The long queues and even longer wait at the Home Affairs offices in Tongaat continues. Despite residents complaining bitterly of the shoddy service, and previous reports in the Tongaat and Verulam Tabloid, the problem persists.

Some people going to the Home Affairs offices as early as 4am, many who are there to apply for their identity documents, while others arriving a little later claim that they do not get seen to by officials.

When the Tongaat and Verulam Tabloid reporter visited the Tongaat offices in Maharaj Street, the situation was worse than expected. At 8am the queue was already snaking through the car park and on to the street.
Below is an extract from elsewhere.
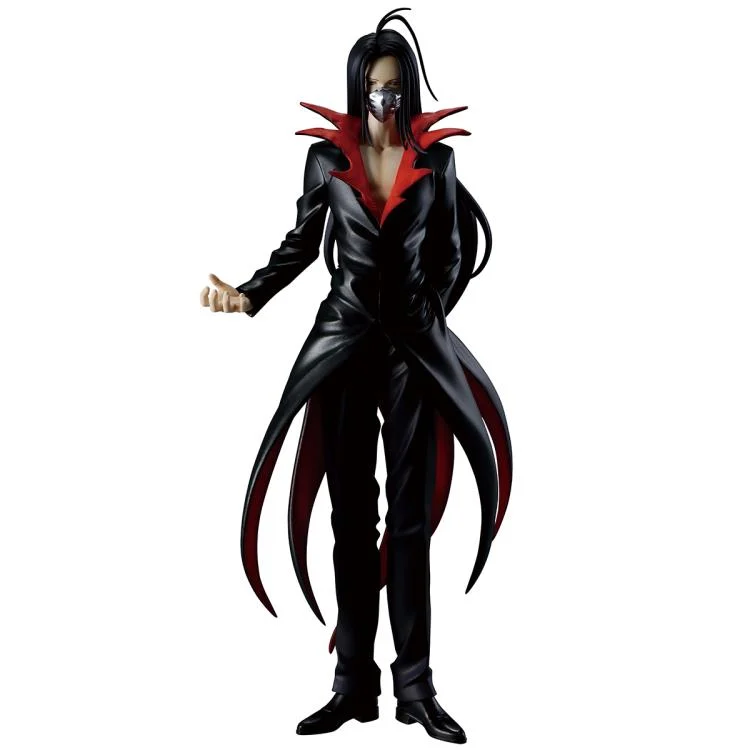 Yu Yu Hakusho - Karasu - Ichiban Kuji - Ichiban Kuji Yu Yu Hakusho Ankoku Bujutsukai-hen Vol.2 (B Prize) - Masterlise (Bandai Spirits) photo 2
The waiting area was filled to capacity.

People waiting in line were seen complaining to the officials that they had other commitments, with some having to go to work. Some said that they were waiting there for hours and did not expect to be seen to by officials ‘any time soon’.

Others residents who spoke to the paper said they were forced to visit other branches of the Department of Home Affairs to apply for travel documents.

Vishan Ramnarian, who was at the Home Affairs at 4am, and was barely at the entrance gate at around 8am, said, “I had to return six times just to apply for my passport. Each time I had to stand in queue for four hours and yesterday for seven hours.

“I’ve sent several letters to the local manager at the Home Affairs to complain about the bad service and to ask for help with a problem that they were unable to solve. However, there was no reply or even an acknowledged that they received my letters.”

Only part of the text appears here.